(Recorded information Opens)
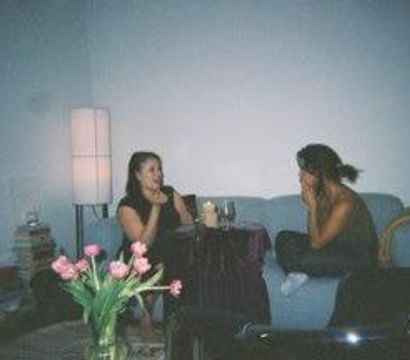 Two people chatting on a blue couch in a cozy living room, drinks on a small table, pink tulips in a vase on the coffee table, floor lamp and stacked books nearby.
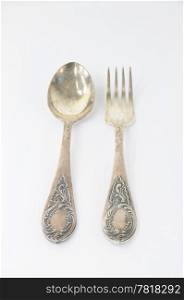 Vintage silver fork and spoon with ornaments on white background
(Recorded information Closes)
(Recorded information Opens)
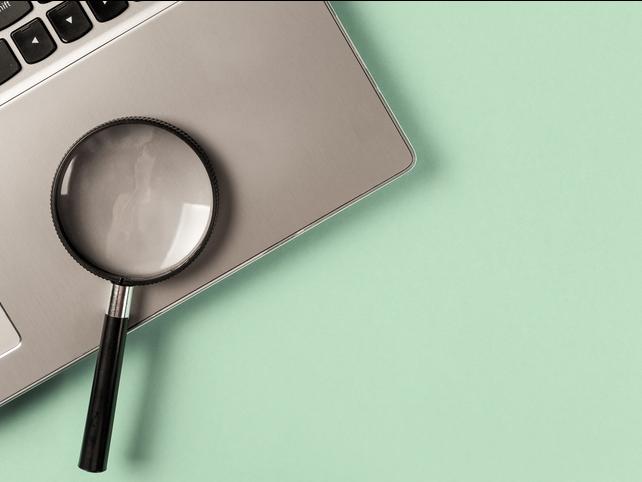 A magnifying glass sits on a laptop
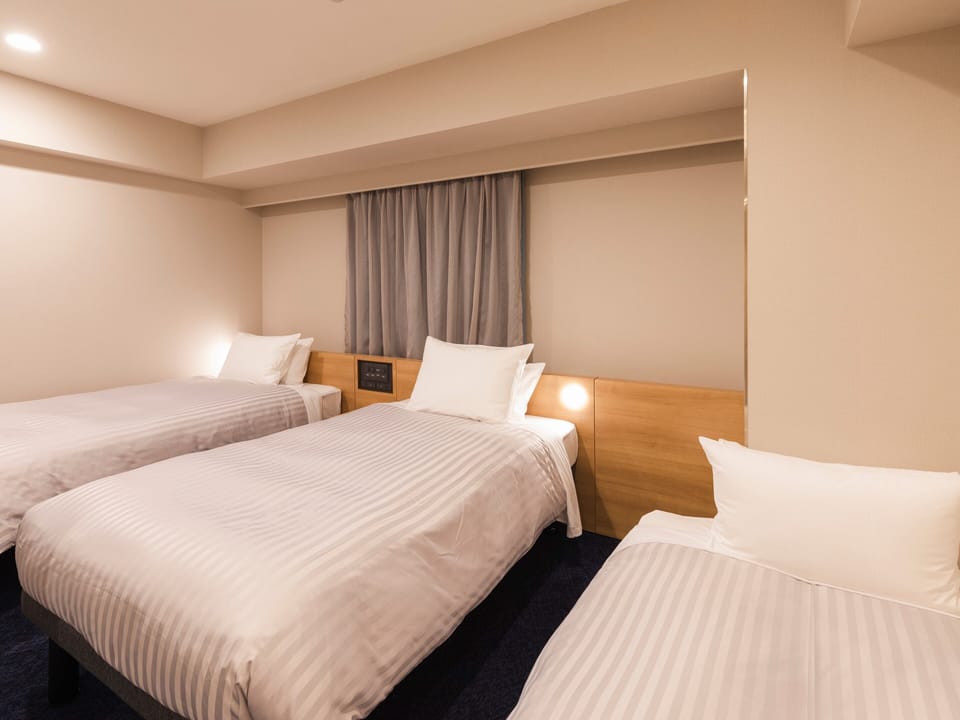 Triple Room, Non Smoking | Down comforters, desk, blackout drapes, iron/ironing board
(Recorded information Closes)
**Problem to solve:** Nothing outside the stretch above, from the line with "Two people chatting" through the line with "Vintage silver fork", is set down. Transcribe that stretch exactly, ends included, but not its pictures.

**Completed task:**
 Two people chatting on a blue couch in a cozy living room, drinks on a small table, pink tulips in a vase on the coffee table, floor lamp and stacked books nearby.
 Vintage silver fork and spoon with ornaments on white background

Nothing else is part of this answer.